DENILSON SILVA - O coletivo surge de um questionamento sobre a presença de pessoas pretas nos espaços dos esportes e atividades outdoor (ao ar livre), no Brasil, que é rara, e quando existe é pouco mostrada e incentivada.
No Brasil, embora mais da metade da população seja preta, no imaginário, e na prática, do universo outdoor somos silenciados e afastados, como em outras esferas da vida social. E temos que levar em conta também que estas são algumas das atividades esportivas e de lazer que mais crescem no Brasil e no mundo.
Queremos ver pretas e pretas se divertindo, criando, empreendendo, competindo nos esportes e atividades outdoor, e conscientes que esse espaço também é́ nosso, pois também temos o direito de ser parte da celebração da vida ao ar livre!

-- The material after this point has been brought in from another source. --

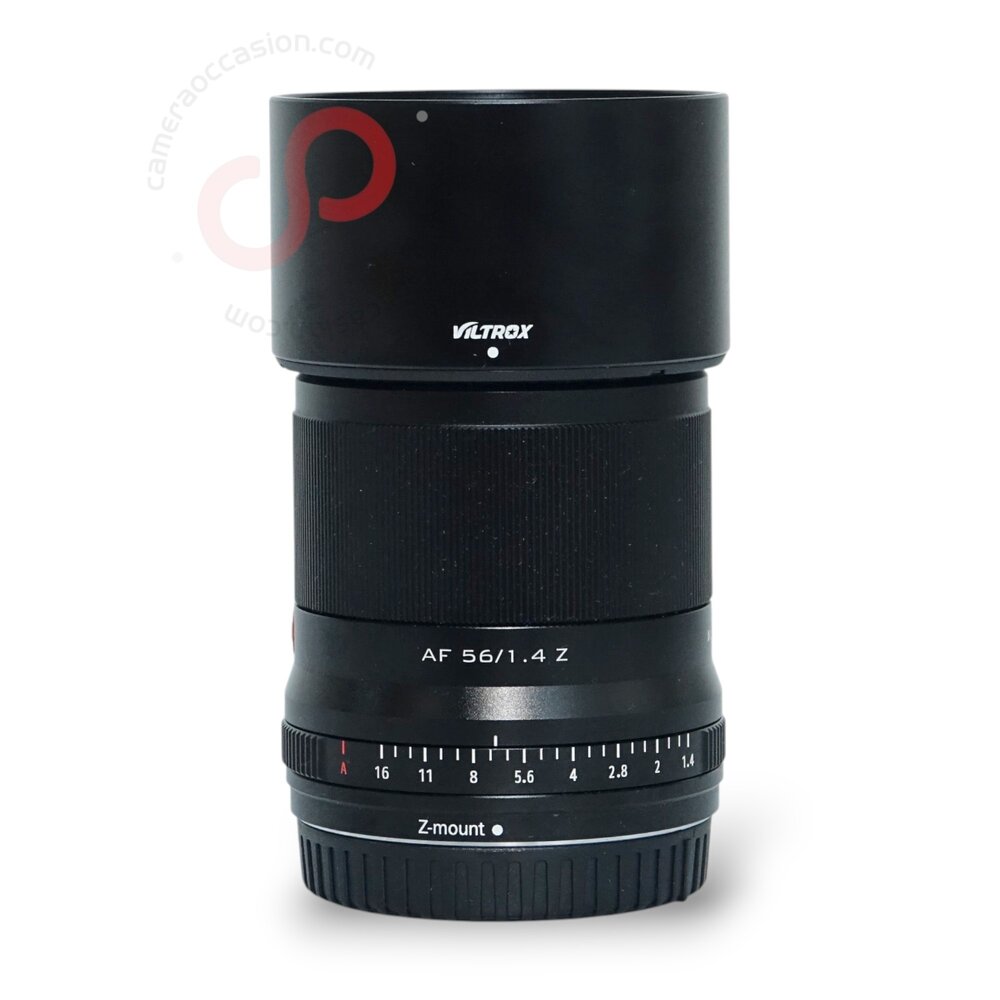 Viltrox 56mm 1.4 Nikon Z nr. 3853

APJ - Como o grupo foi crescendo e ganhando mais adeptos?
DS - Através das redes, vamos convergindo, nos encontrando, tudo de forma muito orgânica e bem fluída. Pessoas que fazem trilha, escalam, pedalam, que sempre se sentiram deslocadas de alguma forma, conhecem o coletivo e ganham mais ânimo, pois tem gente igual a elas fazendo todo tipo de coisa no cenário outdoor.
A maioria das atividades e esportes outdoor são em grupo ou demandam que você de alguma forma tenha de adentrar a um nicho, então muitas vezes furar esta bolha é bem difícil, principalmente quando não há pessoas iguais a você lá dentro. E tem sido legal ver como o coletivo tem crescido e um ajudando o outro a encontrar melhores caminhos e também novos caminhos, é um quilombo.
APJ - Qual é o principal objetivo do grupo?
DS - O Negritude Outdoor surge da busca por representação, mas pretende caminhar além disso, já que o real intuito não é́ “apenas” mostrar que existimos, mas expandir a presença das pretas e pretos do universo outdoor brasileiro em todas as escalas. É um ato por representatividade, diversidade e empoderamento.
APJ - Quais são os eventos promovidos pelo Negritude Outdoor e como eles começaram?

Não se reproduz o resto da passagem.